Then the author introduced Theorem 2.4 to prove $sum$ is indeed a function, that is, $c:nat$ is guaranteed to exist and to be unique for any $a:nat$ and $b:nat$.

The proof of existence does a rule induction on $a:nat$. This is essentially a mathematical induction on a single variable. I think I understand the proof and can translate it into a formal one without much difficulty.

But the proof of uniqueness frustrates me a lot.
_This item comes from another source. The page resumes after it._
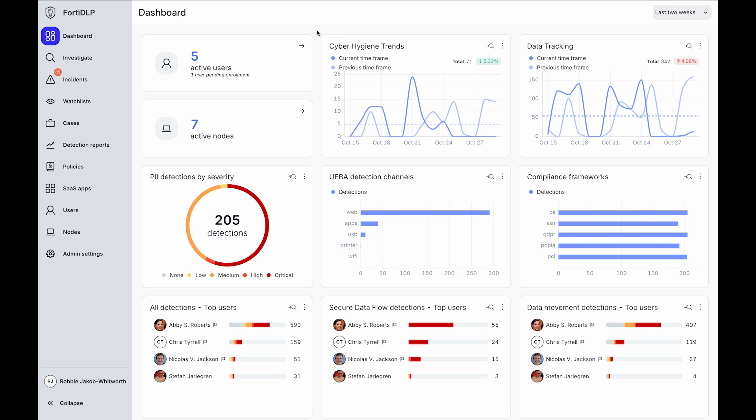40DLP is a unified DLP and insider risk solution. 40DLP excels at providing rich visibility out of the box without requiring policy.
First, the author decides to do the induction on rule 2.9 (rather than 2.2). My understanding is that here we can have a set-theoretic view of the function $sum$. It could be thought of as a relation $\Sigma$, a subset of $\mathbb{N}\times\mathbb{N}\times\mathbb{N}$. Each element $r \in \Sigma$ is a 3-tuple $\langle a,b,c\rangle$ where $a,b,c \in \mathbb{N}$. The set $\Sigma$ is inductively defined by rule 2.9. From this viewpoint, a structural induction on $\Sigma$ is perfectly acceptable (as a newbie I spent substantial amount of time to figure this out).
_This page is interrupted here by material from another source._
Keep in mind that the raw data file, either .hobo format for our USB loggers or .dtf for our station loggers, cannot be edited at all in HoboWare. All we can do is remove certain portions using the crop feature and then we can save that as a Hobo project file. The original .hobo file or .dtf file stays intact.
The author states the property to be held as "if $sum(a;b;c_1)$, then if $sum(a;b;c_2)$, then $c_1\;is\;c_2$", which could be straightforwardly translated into

$$ sum(a;b;c_1) \rightarrow (sum(a;b;c_2) \rightarrow c_1\;is\;c_2)\tag{a} $$

But I am not sure whether it is a single variable predicate $\mathcal{P}(sum(a;b;c_1))$, or a two-variable one $\mathcal{P}(sum(a;b;c_1),sum(a;b;c_2))$. Since "an inner induction" is mentioned in both parts (2.9a and 2.9b), it seems the latter is in author's mind, but I have no idea how a two-variable induction works.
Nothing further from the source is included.